[OmniOS-discuss] What should we look at in a memory exhaustion situation?

Chris Siebenmann cks at cs.toronto.edu
Tue Apr 28 15:06:45 UTC 2015


 We now have a reproducable situation where high NFS load can cause our
specific fileserver configuration to lock up with what looks like a
memory exhaustion deadlock. So far, attempts to get a crash dump haven't
worked (although they may someday). Without a crash dump, what system
stats and so on should we be looking at that would be useful for people
to identify the kernel bugs involved here, either in the run up to the
lockup or in kmdb after the fact once we break into it after the machine
locks up?

(Our specific fileserver is NFS to ZFS pools with mirrored vdevs where
each side of the mirror is an iSCSI disk accessed over two backend
iSCSI networks. We suspect that iSCSI is a contributing factor. Our
fileservers have 64 GB of RAM.)

 So far we have vmstat, mpstat, network volume, arcstat, '::memstat'
from mdb -k, and some homegrown NFS and ZFS DTrace activity monitoring
scripts.
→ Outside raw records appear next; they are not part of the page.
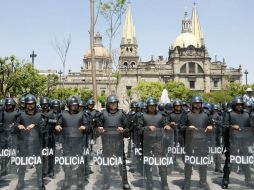 La formación de la Policía de Élite implica una nueva fuerza dotada de inteligencia y capacidad de  reacción. ARCHIVO  /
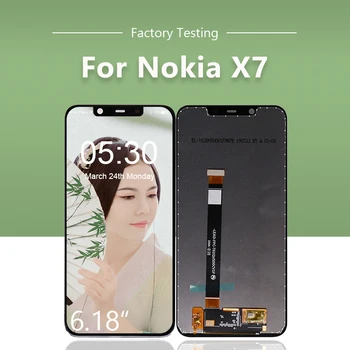 10pcs/lot for Nokia X7/7.1 Plus LCD with Touch Screen Digitizer Assembly for Nokia X7 Display Panel Free Shipping DHL EMS
10pcs/lot for Nokia X7/7.1 Plus LCD with Touch Screen Digitizer Assembly for Nokia X7 Display Panel Free Shipping DHL EMS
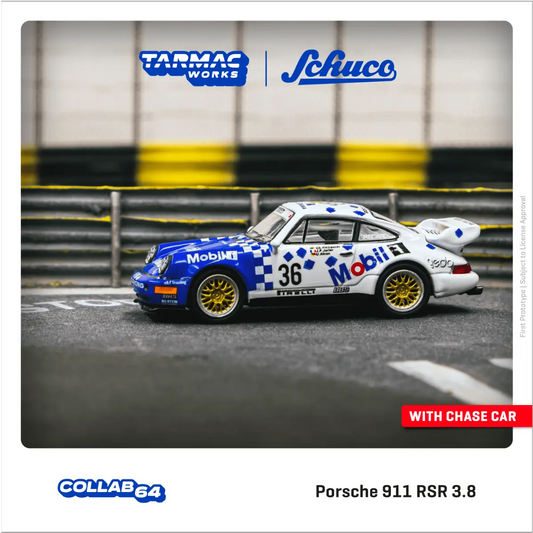 1:64 | Tarmac Works - Porsche 911 RSR 3.8 24h of SPA 1993 #36 Winner Tarmac Works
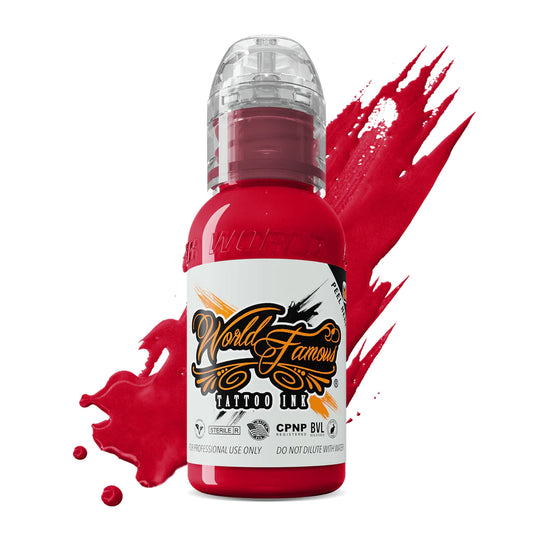 United Ink Red — World Famous Tattoo Ink — Pick Size
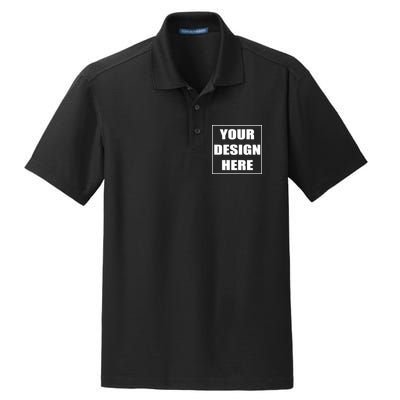 Create Your Own Custom Personalized Dry Zone Grid Polo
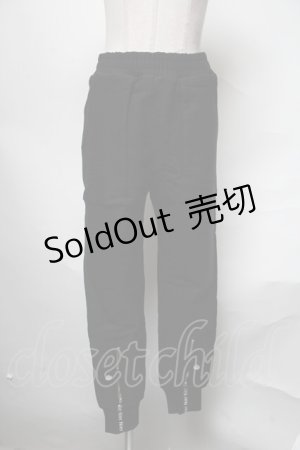画像: NieR Clothing / ロゴテープパンツ  黒 S-25-03-31-081-PU-PA-AS-ZS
These say that just before the lockup happens, free memory and
ARC usage collapses abruptly and catastrophically, 'Kernel' memory usage
goes to almost or totally 100%, all CPUs spike to over 90% system time,
we see over a thousand runnable processes[*], and we have over a GB
of in-flight NFS writes but there is very little actual ZFS (and NFS)
IO either in flight or being completed.

(The NFS service pool also reports a massively increasing and
jaw-dropping number of 'Pending requests'; the last snapshot of
'::svc_pool -v nfs' a few seconds before the crash has 376862 of them.)

 This seems to happen more often with lower values for the number of
NFS server threads, but even very large values are not immune from it
(our most recent lockup happened at 4096 threads). Slowdowns in NFS server
IO responsiveness seem to make this more likely to happen; past slowdowns
have come from both disk IO problems and from full or nearly full pools.

 Thanks in advance.

	- cks
[*: this was with quite a lot of NFS server threads configured.]